# Explorer Flats Boats



## LMCBOATS

Hi to all. 

David Christian here with some exciting news on Explorer Boats. As some of you know Explorer Boats was recently sold to Dargel Boats. Now that the sales has been completed they are ready to began production.

They will be producing the TV series from 17-23'. This is still one of the driest and best riding shallow water boats ever built and has about a 9" draft. This is the boat for the angler that wants to fish the shallows but needs to cover rough water getting there.

They are also producing the Attackaflat from 18-23'. The Attackaflat floats in 6", will run in 3" and will get up extremely shallow and is very fast. I have personally been 68.2 MPH GPS in a 20' with a 300 Yamaha.

They are producing the Highside series from 17-21'. This is a great all around boat with about a 14" side and a 10" draft and available in a tunnel and non-tunnel version. This boat is very comfortable in Galveston and equally good far south.

And last but not least we have the Flatsmaster series available in 14' and 25'. The 14' is a scooter style while the 25' is a re-incarnation of the ever popular 18 Shallow Sport. The 25' is big, it is stretched in every direction from the original and is probably the best riding and shallowest fishing flats boat on the market with a draft of 5". This is the perfect shallow water guide boat.
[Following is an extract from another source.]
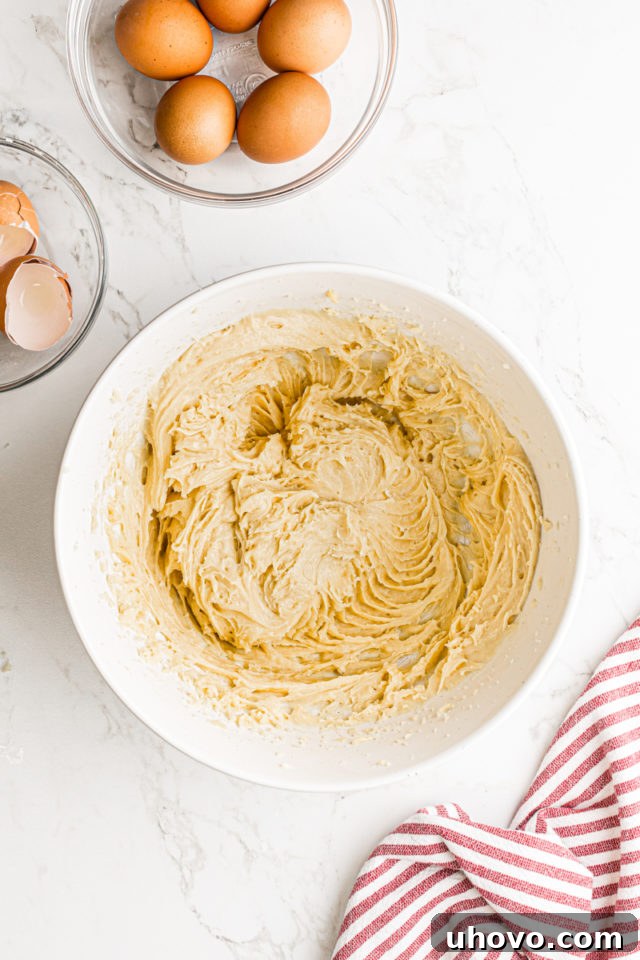 Smooth and glossy pâte à choux dough after all eggs have been mixed in, resting in a white mixing bowl, indicating ideal consistency for piping.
There has been some real improvements, both with the company you deal with and the quality of the product. First, Dargel has been in business since 1937 and is a very stable and accesible company. This is good for you the consumer and us the dealer as it allows us to resolve issues that may arise over time with the boats. Second, they have changed many of the materials and tecniques that are used in the construction process. This has allowed them to now offer a limited lifetime warranty on the boat (unbelievably, it is also transferable to the next owner). Additionally they are now offering molded front and rear decks on many models.

One of the best things is, because of the buying power Dargel has over the previous owners we can sell a rigged and ready boat at a lower price than in the past.

So, for all of you out there wondering about the future of Explorer Boats and for those of you looking for you next boat. I hope this information helps.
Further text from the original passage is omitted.